Le satellite Kosmos 1408 avant et après le tir Asat russe en novembre 2021. On ne voit que quelques débris parmi les milliers d'autres. © Numerica Corp.

Une tendance planétaire

Le tir Asat russe a suscité la colère de la Nasa, du Pentagone, de la Maison-Blanche, de l'Agence spatiale européenne, et de nombreuses autorités occidentales condamnèrent l'initiative. Mais ce n'est pas la première fois qu'un tir test anti-satellite est réalisé. Le dernier remonte seulement à mars 2019, réalisé par la défense indienne -- une première pour le pays. Il produisit des milliers de débris spatiaux dont certains traînent encore en orbite basse aujourd'hui, alors que les autorités avaient garanti qu'ils ne subsisteraient pas plus de quelques mois.

Le tir anti-satellite qui a le plus marqué les esprits est celui de la Chine en 2007. Il fut réalisé beaucoup plus haut que les autres, à plus de 800 km (deux fois plus haut que l'ISS). Par conséquent, les débris générés ont été beaucoup moins en contact avec les rares molécules de l'exosphère terrestre et ont eu moins tendance à redescendre brûler dans notre atmosphère. Encore aujourd'hui, il en reste beaucoup.

Si les États-Unis sont les premiers à stopper leur programme de test de tirs anti-satellite, ils furent néanmoins les premiers à en avoir réalisé. Ils sont d'ailleurs ceux qui en ont effectué le plus ! Cela dit, le dernier test remonte à 2008 et la plupart des autres tests ont été faits au siècle dernier. Les États-Unis disposent donc toujours d'une force de frappe anti-satellite, ils ont juste décidé d'arrêter les tests. Pourquoi cela ? La réponse en quelques mots : trop de débris aujourd’hui.

Tir d'un missile antisatellite Vought ASM-135 par un F-15 de l'US Air Force en 1985. © USAF

Une pollution de l’espace de plus en plus perturbante

Le tir russe de novembre n'a pas seulement suscité la colère des autorités. L'ensemble des opérateurs de satellites dans le monde a unanimement condamné l'irresponsabilité des Russes. La différence avec le dernier test américain en 2008 est que ces opérateurs se sont multipliés, surtout aux États-Unis, et que le nombre de satellites mis en orbite par an est passé de quelques centaines au début des années 2010 à presque deux milliers aujourd'hui, avec notamment l'arrivée de la constellation Starlink de SpaceX. Et ce n'est rien face à l'arrivée imminente, demain, d'autres mégaconstellations de satellites de communication (OneWeb, Amazon, etc.).

Non seulement, il devient difficile de suivre un tel trafic, mais y rajouter des débris de tirs Asat n'arrange rien.

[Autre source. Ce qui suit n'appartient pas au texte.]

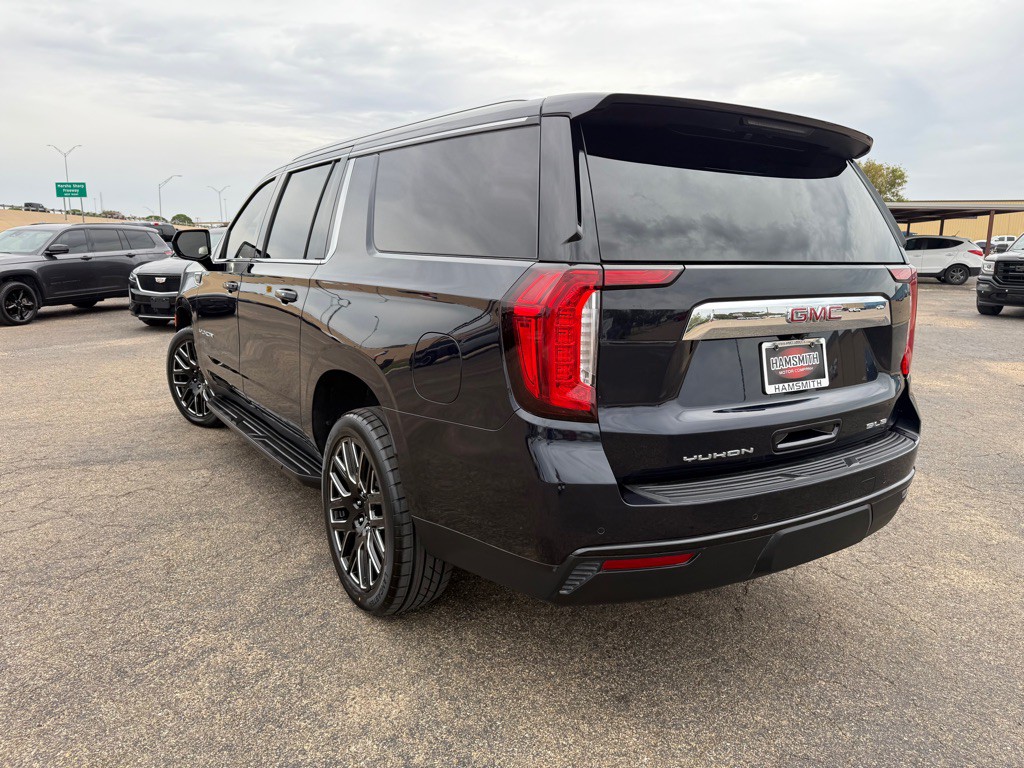 2023 GMC Yukon Image 7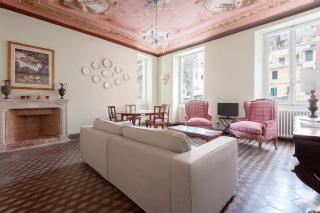 "Marina Apartment", Unique, Authentic, Beachfront, 2nd floor, 2 Aircondo BDR , 2BHT, easy to Train, rare Private Parking at 300 mt - 5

Depuis la Terre, les observatoires se multiplient pour suivre le trafic d'en bas, mais de plus en plus d'opérateurs font appel à des nouvelles compagnies qui proposent de le suivre d'en haut... avec leur propre constellation de satellites !

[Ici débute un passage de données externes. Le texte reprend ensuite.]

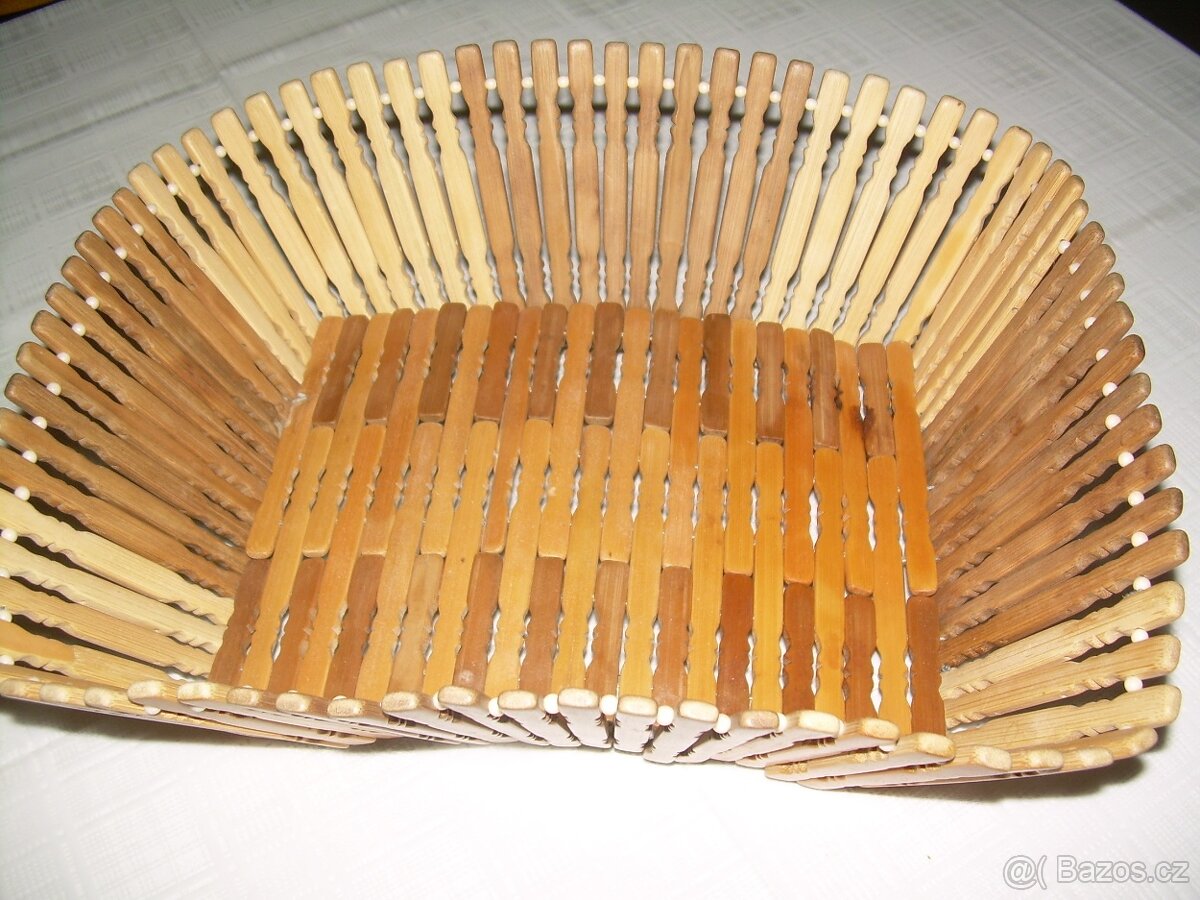 vyřezávaná polička - dřevo, kbelíčky, stereo,proutěný koš - 8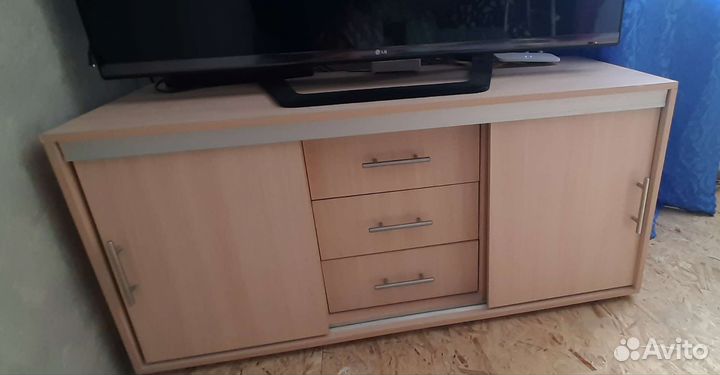 Тумба под телевизор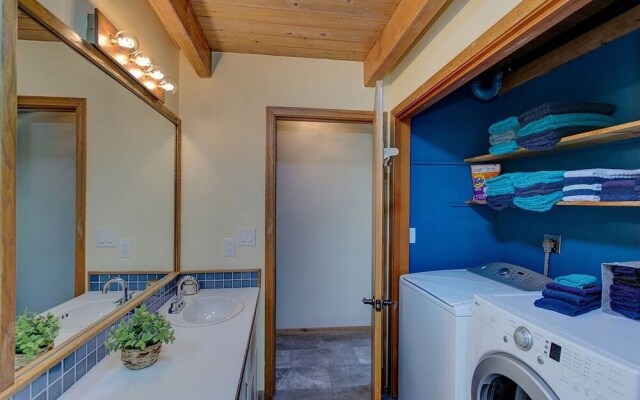 Halehikiola 3 Bedroom Home by RedAwning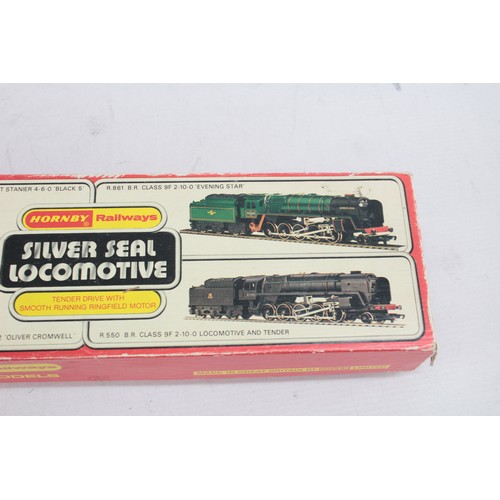 415 - Vintage Boxed HORNBY Oo Gauge Oliver Cromwell Loco & Tender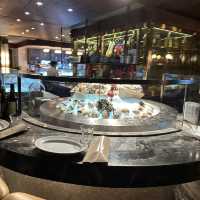 Rosewood HK瑰麗酒店| 維港之巔的奢華藝術殿堂 🌟🌃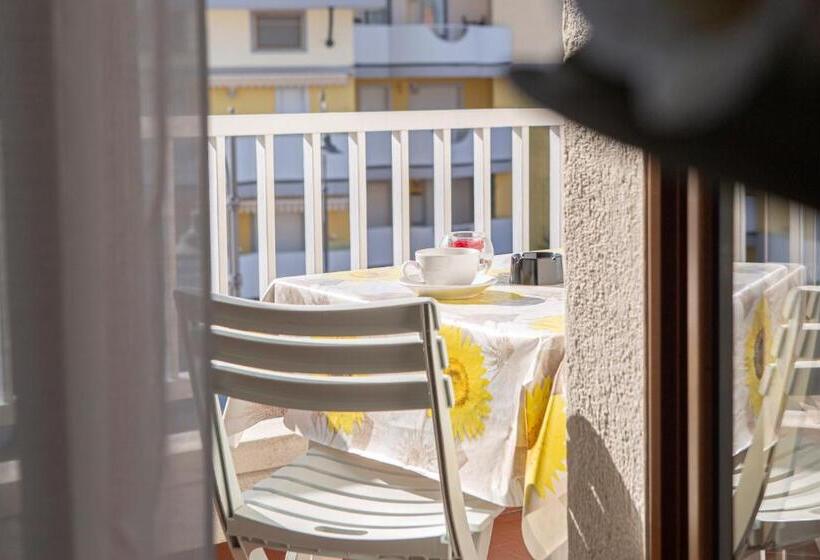 استودیوی استاندارد, Holiday Appartamenti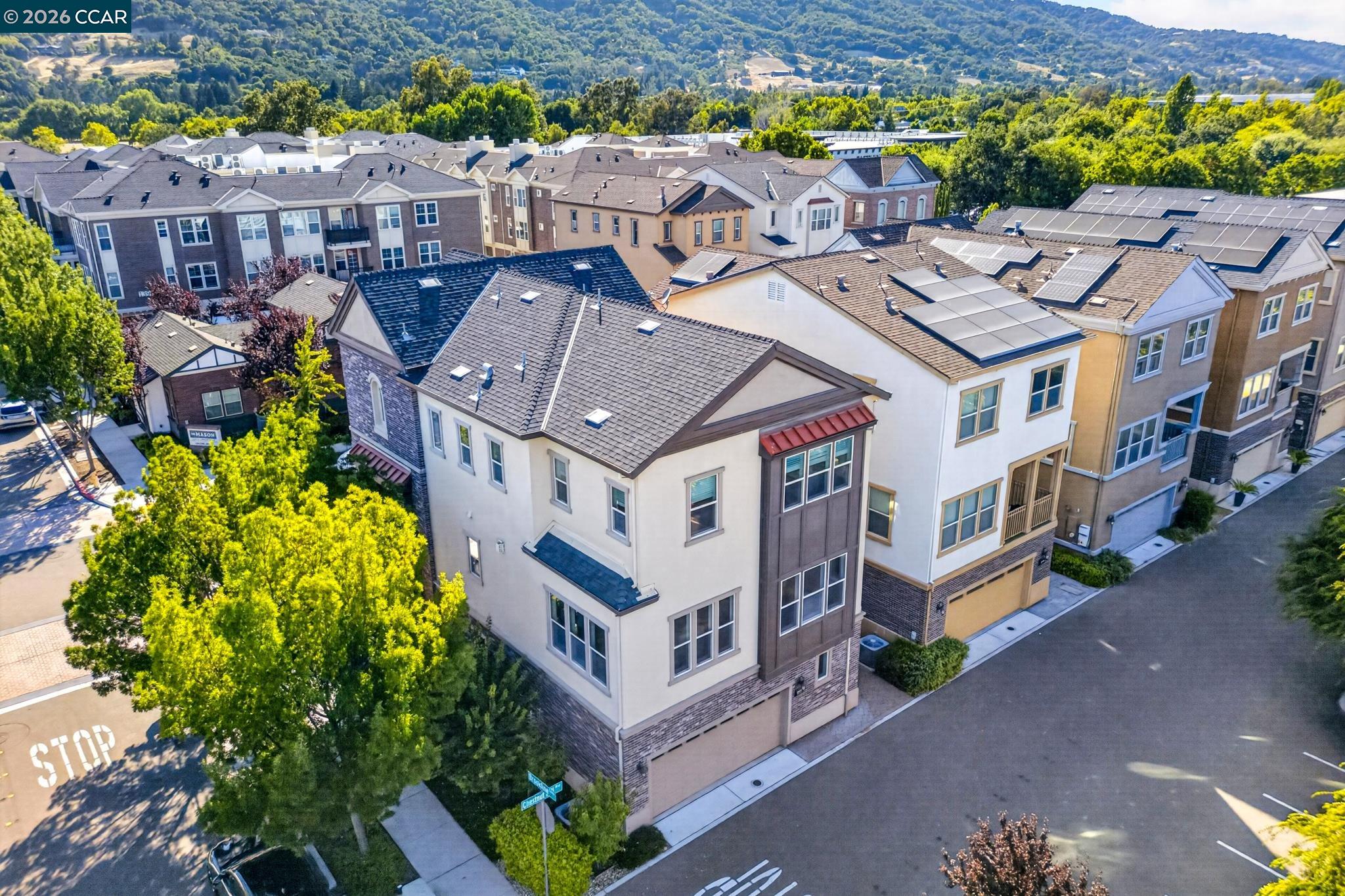1600 Lexington Ln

Nombre de satellites mis en orbite par an depuis 2010 (premier trimestre 2022). © Daniel Chrétien, Spacekiwi

Non seulement les satellites sont de plus en plus en danger face aux autres, mais les opérateurs sont dans l'obligation de suivre 24h/24 les menaces de débris. Quand la menace est trop forte, les opérateurs doivent réaliser des manœuvres d'évitement qui consomment du carburant et réduisent par conséquent la vie du satellite. Quand la menace pèse sur une station spatiale, les astronautes doivent se réfugier dans leurs vaisseaux respectifs et attendre, prêts à partir en urgence. Tout cela leur coûte de plus en plus de temps qui est déjà très précieux dans leur mission.

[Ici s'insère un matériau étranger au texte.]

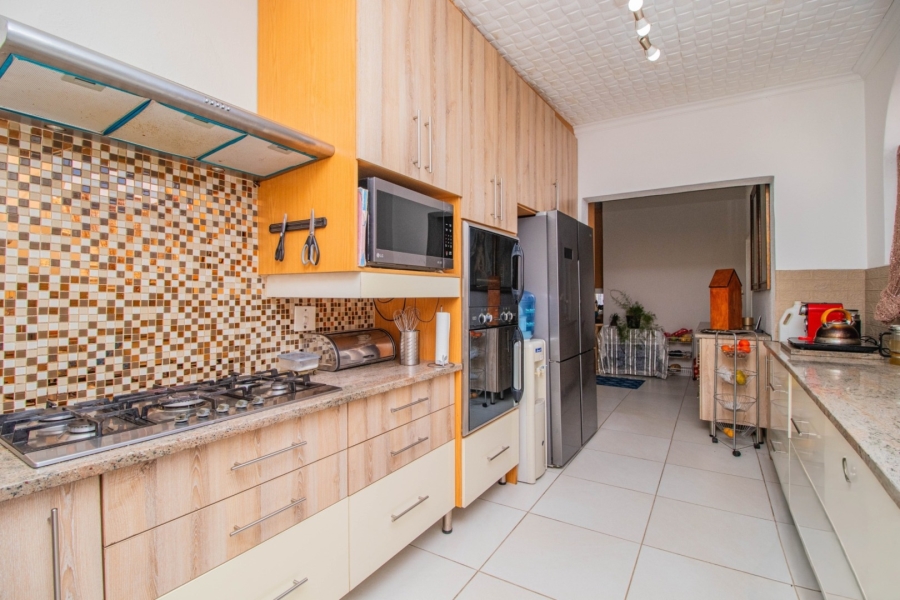 4 Bedroom Property for Sale in Glen Marais Gauteng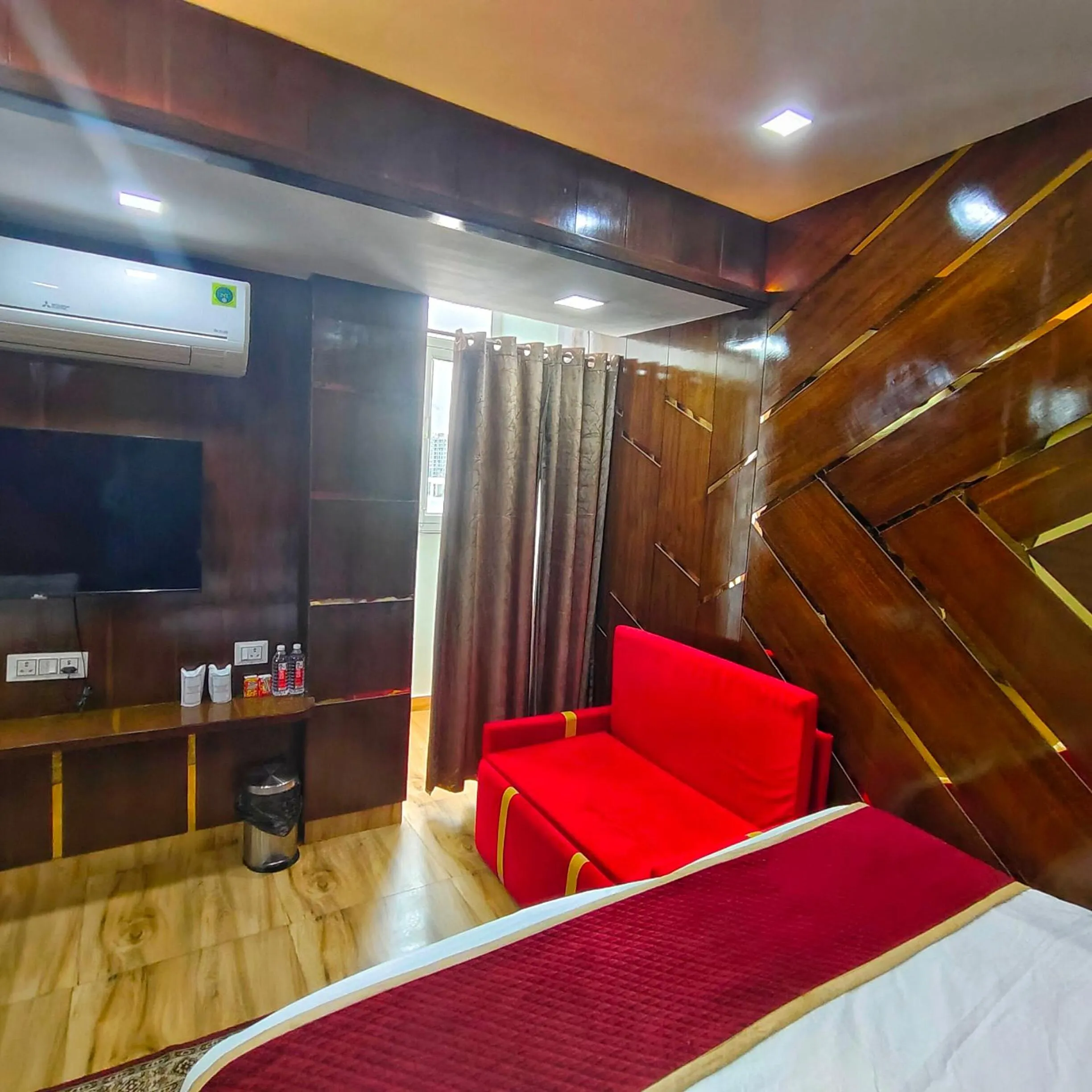 Bedroom, Bed in Rich Grand Hotel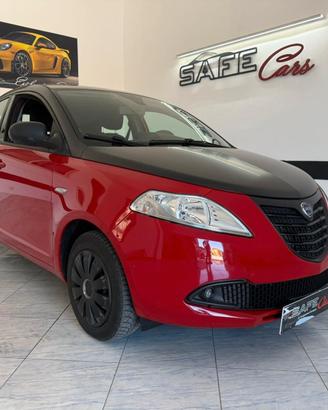Lancia Ypsilon 1.2 69 CV 5 porte S Momodesign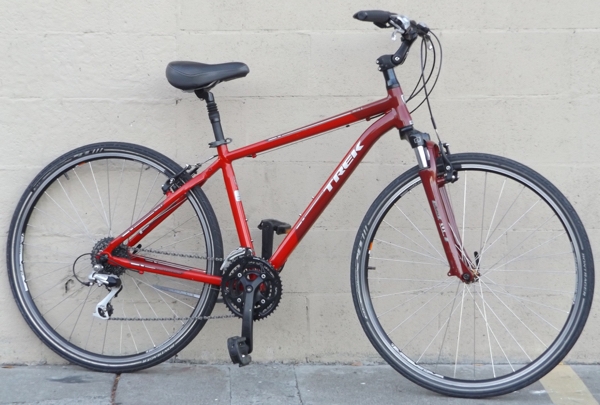 17.5" TREK Verve 3 Aluminum Suspension Utility Bike ~5'5"-5'8"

L'autre problème est que les débris occupent des orbites qui pourraient être exploitées. Toutes ces zones inoccupées sont de plus en plus importantes dans un espace de moins en moins grand et rapportant de plus en plus d'argent. Arrêter les tests anti-satellite est donc une mesure salutaire et plus qu'attendue. Encore faudra-t-il qu'elle soit suivie.